Wie Betroffene von häuslicher Gewalt besser unterstützt werden können, das wurde im Rahmen des Projekts GUIDE4YOU untersucht, das nun mit einem Symposium erfolgreich abgeschlossen wurde.

Jede dritte Frau in Deutschland mindestens einmal im Leben Opfer von Gewalt

Am 30. September 2021 fand das von der Europäischen Union geförderte Projekt GUIDE4YOU einen erfolgreichen Abschluss. Im Rahmen eines digitalen Symposiums haben Expertinnen und Experten aus Wissenschaft, Politik und Praxis sowie interessierten Bürgerinnen und Bürger zum Thema häusliche Gewalt bei Frauen gemeinsam diskutiert. Im Vordergrund stand dabei die Umsetzung der Istanbul Konvention aus dem Jahr 2011. Zentraler Baustein des Projektes war dabei ein Online-Fragebogen zu häuslicher Gewalt, zur Inanspruchnahme des Hilfesystems und dessen Bewertung, welchen insgesamt 371 Frauen ausgefüllt haben. Einen weiteren zentralen Baustein des Projektes stellte der Lotsinnen-Service für gewaltbetroffene Frauen dar. Die Lotsinnen hatten die Aufgabe, die in Not geratene Frauen zu stabilisieren, zu informieren und letztendlich zu den entscheidenden wichtigen Hilfestellen zu begleiten, sie durch das Hilfesystem sicher zu navigieren.

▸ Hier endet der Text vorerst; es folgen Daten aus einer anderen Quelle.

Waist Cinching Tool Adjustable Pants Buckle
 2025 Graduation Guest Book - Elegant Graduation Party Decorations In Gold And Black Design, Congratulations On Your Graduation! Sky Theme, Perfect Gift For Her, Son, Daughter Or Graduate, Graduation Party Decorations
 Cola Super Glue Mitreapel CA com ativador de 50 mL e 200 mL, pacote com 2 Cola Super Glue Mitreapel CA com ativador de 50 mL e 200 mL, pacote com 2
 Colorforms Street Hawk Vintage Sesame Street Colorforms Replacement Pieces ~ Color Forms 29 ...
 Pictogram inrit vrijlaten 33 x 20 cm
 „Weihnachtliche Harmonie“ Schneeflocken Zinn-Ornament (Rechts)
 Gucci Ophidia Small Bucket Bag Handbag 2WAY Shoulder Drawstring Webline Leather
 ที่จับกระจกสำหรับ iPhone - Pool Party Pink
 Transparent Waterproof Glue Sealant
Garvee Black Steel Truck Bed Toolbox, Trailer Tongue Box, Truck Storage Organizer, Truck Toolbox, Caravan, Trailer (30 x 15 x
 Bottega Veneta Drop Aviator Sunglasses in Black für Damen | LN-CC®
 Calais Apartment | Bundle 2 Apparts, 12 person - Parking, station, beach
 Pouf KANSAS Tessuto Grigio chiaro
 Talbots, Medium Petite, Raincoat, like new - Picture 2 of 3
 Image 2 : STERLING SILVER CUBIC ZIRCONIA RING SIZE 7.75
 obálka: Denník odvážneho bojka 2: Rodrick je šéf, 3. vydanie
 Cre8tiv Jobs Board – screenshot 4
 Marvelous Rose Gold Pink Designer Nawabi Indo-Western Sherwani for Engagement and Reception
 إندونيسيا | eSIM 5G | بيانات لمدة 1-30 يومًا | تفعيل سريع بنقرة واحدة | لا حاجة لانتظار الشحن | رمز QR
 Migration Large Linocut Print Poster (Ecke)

Eben die enge Vernetzung der Hilfsstrukturen sei ein wesentlicher Erfolgsfaktor bei dem Vorhaben die Istanbul-Konvention wirksam umzusetzen, sagte die Bürgermeisterin Stefanie Jansen zu Beginn des Symposiums. Denn: „Von häuslicher Gewalt betroffene Frauen gut zu erreichen und nachhaltig in Unterstützungsstrukturen zu verankern stellt eine Herausforderung dar, die nicht nur uns in Heidelberg, sondern viele Kommunen und Landkreise deutschlandweit beschäftigt.“ Unterschiedlichste Fachdisziplinen (z.B. Gleichstellung, Medizin, Psychotherapie, Beratungs- und Hilfeeinrichtungen für häusliche Gewalt, Polizei, Verwaltung etc.) müssen auf kommunaler, regionaler und bundesweiter Ebene kooperieren, um häusliche Gewalt wirksam zu bekämpfen. Die sich hieraus ableitenden Fragen haben zu einem lebendigen und spannenden Austausch unter den Teilnehmenden geführt.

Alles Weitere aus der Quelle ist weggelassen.